The airplane was decommissioned in 1947 and abandoned on the shore of Lake Hood, near Anchorage, Alaska. Northwest Airlines Captain Harry McKee acquired it and brought it to Minneapolis–St. Paul International Airport in 1954, where retired Northwest mechanics began restoration work. High costs halted the project until 1972, when Gary’s father, Jack Lysdale, bought it and undertook a four-year restoration effort. He fabricated the nose cowling, fuel and oil tanks, electrical systems and leather seats; reskinned the fuselage, wings and control surfaces; and overhauled the Pratt & Whitney R-1690 Hornet engine. The Metalplane won several restoration awards, including the Grand Champion trophy at the Antique Airplane Association National Convention in 1975.
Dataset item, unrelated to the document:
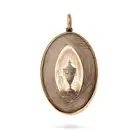NO RESERVE - AN ANTIQUE GEORGIAN HAIRWORK DOUBLE SIDED MOURNING PENDANT, CIRCA 1789 in yellow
The H-47 has logged a total of 5,224 hours, but only 50 since the restoration and none since June 1978. Gary Lysdale, who has never flown the airplane, told the St. Paul Pioneer Press, “It’d vibrate a lot, but it’d be easy to fly.” It was purchased by Seattle businessman Howard Wright III at the Barrett-Jackson auction, the only plane in a show that also featured John Dillinger’s 1930 Ford Model A getaway car.

L-1011 Arrives in Kansas

A Lockheed L-1011 TriStar—one of very few still airworthy in the U.S.—landed at the Air – line History Museum in Kansas City on January 30 after a yearlong struggle to gain FAA approval. The sleek jumbo jet, which began service with TWA in 1972, is at Wheeler Downtown Airport, within view of I-70 motorists, and is scheduled to begin serving local school groups as a hands-on classroom. Museum volunteers purchased the scrap heap–bound TriStar in Roswell, N.M., for $100,000 in early 2009, but FAA officials, citing an unmodified rear spar where the wings attach to the fuselage, blocked its flight to the museum. After an additional $60,000 worth of maintenance, a specially trained Delta Airlines crew flew the TriStar to its permanent home, where it’s surrounded by airliner brethren such as the Lockheed Constellation, Douglas DC-3 and Martin 404. More info at ahmhangar.com.

The First Bird Dog

One of the least appreciated airplanes in the U.S. Air Force inventory during the Korea and Vietnam wars, the Cessna L-19 (later O-1) Bird Dog was an uprated and modified version of the civilian Cessna 170 taildragger. The Bird Dog was used largely for forward air control— directing both artillery and fast attack aircraft to ground targets. Since the targets were identified by flying very low and very slow, and occasionally by intentionally drawing fire, piloting a Dog was seriously hazardous duty. The loss rate among Air Force, Army and Vietnamese FAC pilots was far higher than for any other group of combat aviators.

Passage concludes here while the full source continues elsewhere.